Do you ever worry about getting a case wrong in the past based on faulty assumptions?
Myself, not so much. I was in on the beginning of a curve of forensics becoming a large part of our industry.
A 1991 arson case out of Texas has gotten tremendous attention because of allegations that a faulty arson investigation sent an innocent man to be executed. The case raises questions about the validity of assumptions about arson. How has it affected your world?
Fire investigators weren’t awakened by that incident. It was something we’ve been aware of: For many years, we’ve been conscious of the need to prove our process and use a methodology that’s testable and can withstand a challenge. A lot of the older assumptions were shown to be wrong. By making fire investigation more scientific, by doing the testing and observing fire behavior and confirming these things through instrumentation and laboratory analysis, we’ve gained confidence that we’re making the correct calls.
Have defense lawyers been going after arson investigators more often?
It’s more routine that we’re being challenged. Twenty years ago, the legal community didn’t know what to ask. Nobody understood it.
What’s the main motivation for people who set fires?
The most common reason that people start fires is out of spite or anger. It’s a man and wife, or boyfriend and girlfriend, or one gang against another gang, or a customer against a business owner. It’s out of emotion, which is good for us because it makes it easier for us to solve. The parties involved generally have an idea that there’s an ongoing dispute, giving us a road to go down.
There are those who light fires just for the enjoyment, and since there’s no rhyme or reason for that, they’re much more difficult to solve.
What about people who set fires for a thrill? Do you have a sense about what’s behind their actions?
It’s well documented that some people use fire to feel cleansed. They have a compulsion that until they light a fire, they just can’t calm down. When they light a fire, they feel cleansed and calm. And then when it starts to build up, eventually they have to start another fire.
Some people just like the attention, the fire engines showing up and the excitement. But a lot of people never say what’s on their mind.
What do people misunderstand about fire?
People will see fire in one area of the house, and they’ll run out and then they have a second thought. They think they could go in and get their purse, their keys or their dog. They think they have time but they realize, sometimes too late, that there’s no safe time period to be inside.
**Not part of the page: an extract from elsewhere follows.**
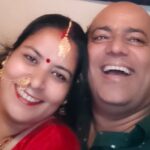 Nidhi Jha Instagram - Happy Anniversary Maa Paa♥️ "जन्म से मृत्यु तक कई रिश्ते बनते है, पर पापा जैसी देखभाल और माँ जैसा प्यार कोई नहीं कर सकता।" Wishing my lovebirds a very happy anniversary ♥️ Aaj mein jo bhi hu sirf aap dono ke wajah se hu ♥️Thank you for always standing by my side🧿 I love you to the moon and back💐🧿♥️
People don’t realize how quickly a fire will get from one area to another, especially with the fuels that we have in modern furnishings. Twenty, 30, 40 years ago, everything was cotton, linen and canvas and all of these natural fibers that burn relatively slowly. Now everything is plastic, and it burns and liquefies, becoming a pool of ignitable liquid.
What’s another myth about fire?
If a fire starts in a corner of a room, the general thought by the lay public is that it will burn in the corner, then spread to something next to that, and slowly work its way across the room. That gives you the impression that if you’re on the other side of the room, you’ll have time before you have to get out.
But in reality, all of the heat is going up and hitting the ceiling, equalizing across the whole room and heating it. It’s like pouring liquid on the floor, but backwards.
As soon as everything heats up to the ignition temperature for ordinary combustibles, flashover happens and they all go off at more or less the same time. The progression is very fast. In the average bedroom, it’s common to have flashover three-to-four minutes after a fire starts. It’s like a big broiler.